Description of the task
In the records below, one line contains "9 carat gold". Print that line and every line after it exactly, down to the final one.

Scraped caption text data
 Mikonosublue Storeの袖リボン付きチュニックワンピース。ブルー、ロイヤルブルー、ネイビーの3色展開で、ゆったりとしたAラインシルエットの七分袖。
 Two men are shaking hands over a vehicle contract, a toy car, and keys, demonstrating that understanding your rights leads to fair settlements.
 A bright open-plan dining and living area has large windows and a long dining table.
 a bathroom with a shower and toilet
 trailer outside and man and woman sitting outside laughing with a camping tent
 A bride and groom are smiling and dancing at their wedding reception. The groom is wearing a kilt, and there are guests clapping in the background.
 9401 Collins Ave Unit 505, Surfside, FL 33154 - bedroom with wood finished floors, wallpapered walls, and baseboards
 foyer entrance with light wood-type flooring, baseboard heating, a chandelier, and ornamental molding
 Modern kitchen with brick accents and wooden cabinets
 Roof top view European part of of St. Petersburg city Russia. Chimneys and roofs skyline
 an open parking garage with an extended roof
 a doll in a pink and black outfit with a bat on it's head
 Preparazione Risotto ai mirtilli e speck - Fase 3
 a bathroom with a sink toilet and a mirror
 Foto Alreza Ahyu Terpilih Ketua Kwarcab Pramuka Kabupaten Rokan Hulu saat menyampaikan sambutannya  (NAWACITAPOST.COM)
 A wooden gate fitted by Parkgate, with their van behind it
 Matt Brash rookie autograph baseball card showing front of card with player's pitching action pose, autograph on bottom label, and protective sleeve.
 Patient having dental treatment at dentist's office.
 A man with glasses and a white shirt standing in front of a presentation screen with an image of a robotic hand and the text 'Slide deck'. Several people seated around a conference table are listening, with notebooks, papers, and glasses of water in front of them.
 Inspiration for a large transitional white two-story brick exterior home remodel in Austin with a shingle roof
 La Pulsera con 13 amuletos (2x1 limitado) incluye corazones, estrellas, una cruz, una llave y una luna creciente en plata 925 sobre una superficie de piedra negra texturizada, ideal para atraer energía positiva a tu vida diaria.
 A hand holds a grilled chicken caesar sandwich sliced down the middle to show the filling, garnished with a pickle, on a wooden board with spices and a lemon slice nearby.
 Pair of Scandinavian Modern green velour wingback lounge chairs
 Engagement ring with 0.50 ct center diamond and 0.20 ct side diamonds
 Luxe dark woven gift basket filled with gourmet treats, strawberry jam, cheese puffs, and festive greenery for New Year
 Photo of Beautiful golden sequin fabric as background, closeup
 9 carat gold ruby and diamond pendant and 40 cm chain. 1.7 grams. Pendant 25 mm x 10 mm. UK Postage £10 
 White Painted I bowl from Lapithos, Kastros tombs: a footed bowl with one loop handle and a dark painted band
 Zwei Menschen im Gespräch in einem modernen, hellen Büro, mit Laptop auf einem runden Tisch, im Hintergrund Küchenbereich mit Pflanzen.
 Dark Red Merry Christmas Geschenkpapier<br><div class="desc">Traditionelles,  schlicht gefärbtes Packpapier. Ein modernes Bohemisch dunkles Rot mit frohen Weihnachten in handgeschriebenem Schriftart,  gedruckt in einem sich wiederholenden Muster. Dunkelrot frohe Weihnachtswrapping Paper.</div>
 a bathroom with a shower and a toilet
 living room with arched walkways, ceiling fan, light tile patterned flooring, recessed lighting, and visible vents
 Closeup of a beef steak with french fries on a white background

Your solution
 9 carat gold ruby and diamond pendant and 40 cm chain. 1.7 grams. Pendant 25 mm x 10 mm. UK Postage £10 
 White Painted I bowl from Lapithos, Kastros tombs: a footed bowl with one loop handle and a dark painted band
 Zwei Menschen im Gespräch in einem modernen, hellen Büro, mit Laptop auf einem runden Tisch, im Hintergrund Küchenbereich mit Pflanzen.
 Dark Red Merry Christmas Geschenkpapier<br><div class="desc">Traditionelles,  schlicht gefärbtes Packpapier. Ein modernes Bohemisch dunkles Rot mit frohen Weihnachten in handgeschriebenem Schriftart,  gedruckt in einem sich wiederholenden Muster. Dunkelrot frohe Weihnachtswrapping Paper.</div>
 a bathroom with a shower and a toilet
 living room with arched walkways, ceiling fan, light tile patterned flooring, recessed lighting, and visible vents
 Closeup of a beef steak with french fries on a white background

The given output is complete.